Peut etre un bide, mais vu que l’intrigue du livre Ready Player One tourne beaucoup autour de ce film, on peut pas nier son influence

Dario De Palma

Le meilleur Donner avec « La malédiction » et « Superman ». Une très jolie histoire portée par un casting ultra charismatique et les images superbes de Storaro. Echec injuste en effet, et tant pis pour la musique incongrue!  
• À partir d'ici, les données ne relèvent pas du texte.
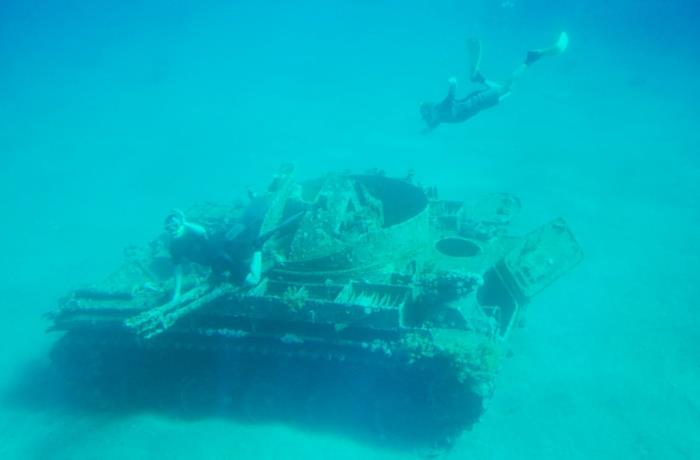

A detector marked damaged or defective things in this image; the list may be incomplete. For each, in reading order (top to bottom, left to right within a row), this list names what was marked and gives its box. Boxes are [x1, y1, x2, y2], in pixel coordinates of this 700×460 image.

corroded hatch opening [432, 239, 482, 256]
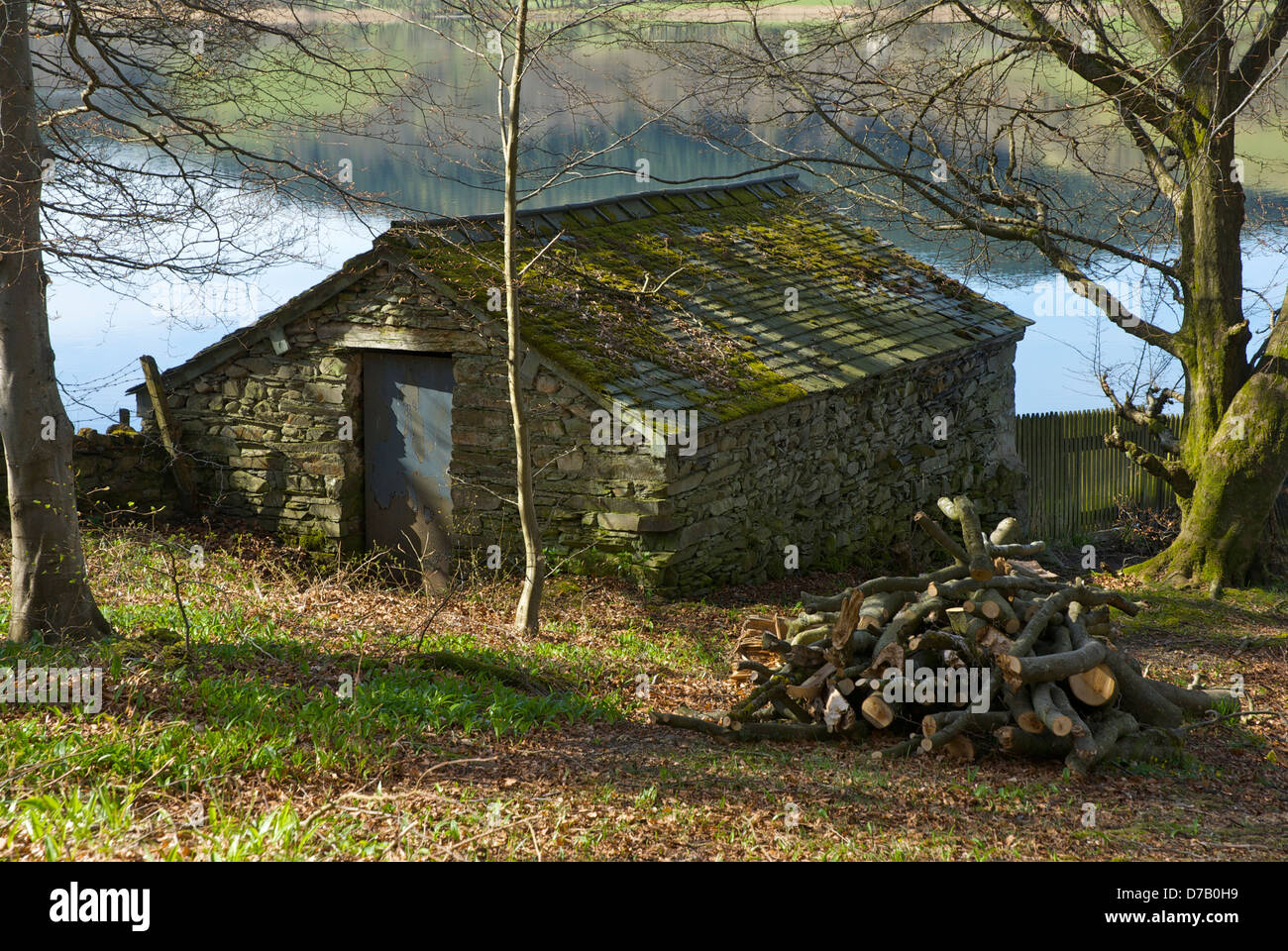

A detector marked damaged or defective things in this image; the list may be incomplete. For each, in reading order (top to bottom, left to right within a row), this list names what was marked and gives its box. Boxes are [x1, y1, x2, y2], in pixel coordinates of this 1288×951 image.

rusty metal door panel [366, 348, 456, 584]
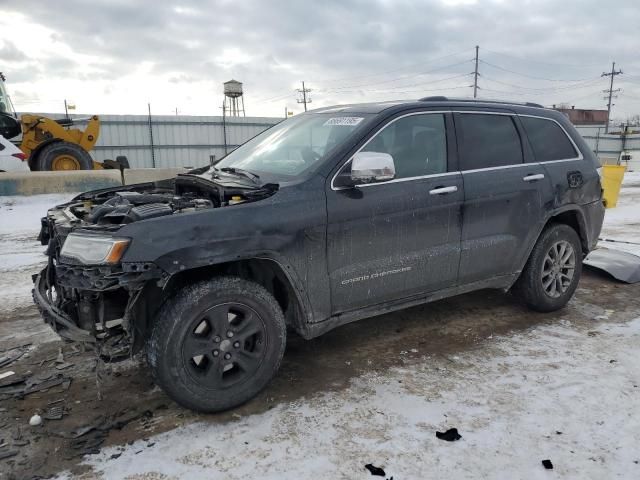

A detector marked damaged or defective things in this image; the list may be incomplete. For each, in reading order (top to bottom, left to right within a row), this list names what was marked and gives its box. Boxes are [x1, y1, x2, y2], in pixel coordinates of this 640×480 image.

broken headlight assembly [60, 232, 130, 264]
front end damage [32, 173, 278, 360]
damaged suv [33, 98, 604, 412]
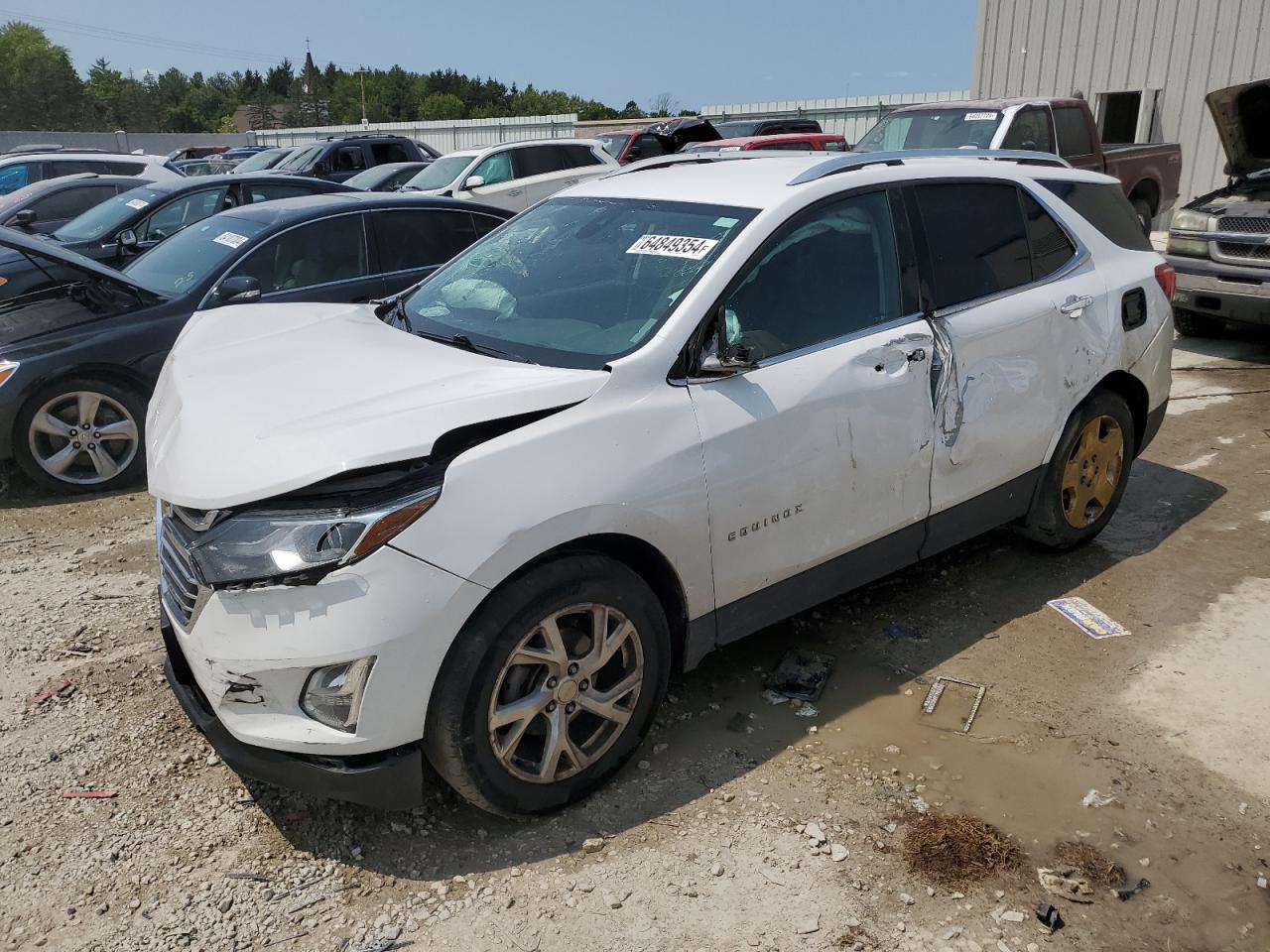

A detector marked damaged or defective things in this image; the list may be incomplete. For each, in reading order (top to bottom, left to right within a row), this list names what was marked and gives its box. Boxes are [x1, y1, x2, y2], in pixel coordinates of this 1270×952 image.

shattered windshield [853, 108, 1000, 152]
dented hood [1199, 78, 1270, 178]
broken side mirror [210, 276, 260, 305]
shattered windshield [401, 196, 754, 369]
dented hood [144, 305, 611, 512]
damaged white suv [147, 149, 1175, 809]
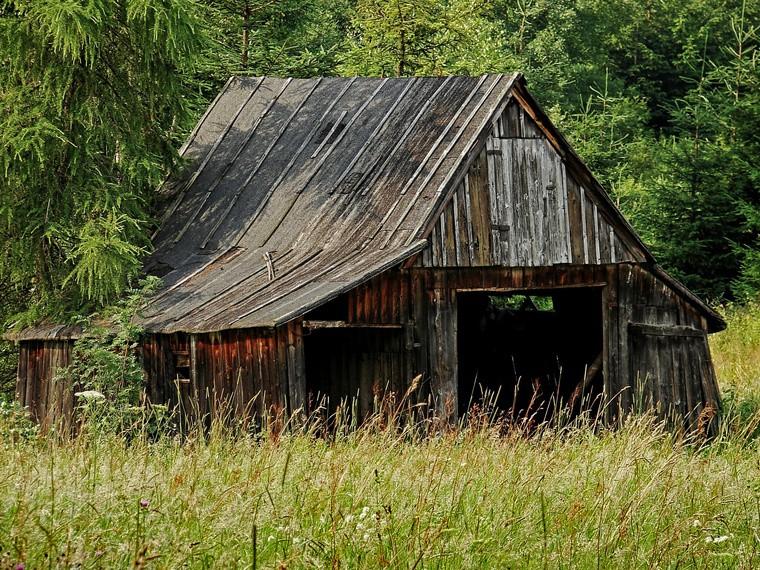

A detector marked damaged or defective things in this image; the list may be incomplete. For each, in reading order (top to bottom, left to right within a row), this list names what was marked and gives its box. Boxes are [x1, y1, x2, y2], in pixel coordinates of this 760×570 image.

rusty metal roof sheet [138, 75, 524, 332]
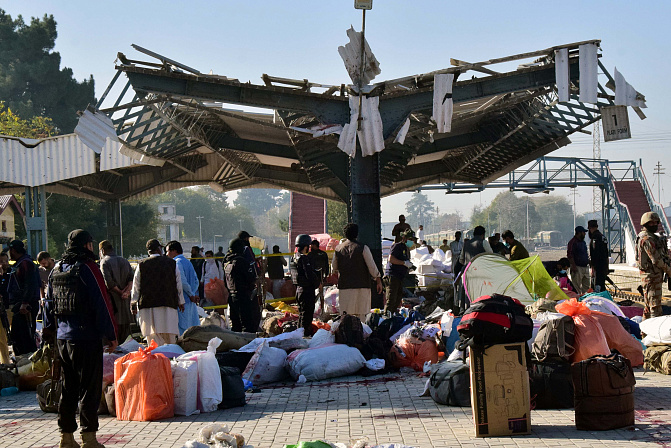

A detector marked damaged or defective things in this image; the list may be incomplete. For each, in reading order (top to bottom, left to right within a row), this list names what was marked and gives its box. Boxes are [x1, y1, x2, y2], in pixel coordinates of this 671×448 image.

damaged metal canopy [0, 38, 640, 203]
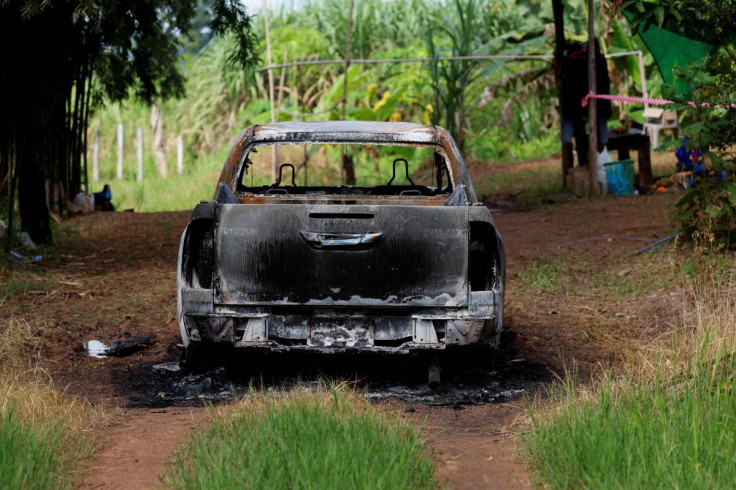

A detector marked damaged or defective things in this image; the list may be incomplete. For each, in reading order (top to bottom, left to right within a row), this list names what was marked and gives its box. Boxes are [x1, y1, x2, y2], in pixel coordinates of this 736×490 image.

charred cab [175, 122, 504, 366]
burnt car [178, 120, 504, 370]
burnt pickup truck [178, 120, 504, 370]
charred metal surface [181, 118, 508, 356]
des-feves-aux-beurres-et-un-excellent-chianti

Ah Michelle ,
.
Visage en gros plan , le fond d écran de mon pote du boulot depuis 15ans

zakmack

La musique, ça préfigurait un peu chevalier, l’autre film médiéval à la musique décalée !
À l’époque ça m’avait fait un peu bizarre, mais je m’y suis habitué. Les acteurs sont bien en place, et l’histoire fonctionne.

Eomerkor

Bide injuste oui. Comme d’autres bides dans les années 80. Et film que j’aime beaucoup. On peut reprocher plein de chose (c’est vrai que même à l’époque j’avais trouvé la musique un peu décallée) mais c’est une très belle histoire, très bien racontée, très bien mise en scène et avec des acteurs de grands talents (Parfait Rutger Hauer et excellent John Wood – qui recroise Mattew Broderick après Wargame).

mcinephilly

Je fais partie des personnes qui aiment ce film, effectivement assez mal aimé ou peu (re)connu dans la filmographie de Richard Donner, c’est dommage !

zetagundam

J’aime beaucoup le film mais celui-ci est malheureusement plombé par une la B.O. anachronique et insupportable

Flash

Beau film très romantique, Hauer, Pfeiffer et la musique d’ Andy Powell, un film à l’ancienne, comme on en voit plus de jours. 4 étoiles

mikelion1

J(avais vu ce film 1 ou 2 ans après sa sortie lors d’une retransmission scolaire.. Je n’en avais pas entendu parler et j’avais vraiment apprécié. Rughter Hauer joue vraiment très bien. La réalisation est bonne est la bande sonore excellente.
Je l’ai revu il y a quelques mois, les effets spéciaux ont mal vieilli mais l’histoire est toujours là, cela reste un bon film.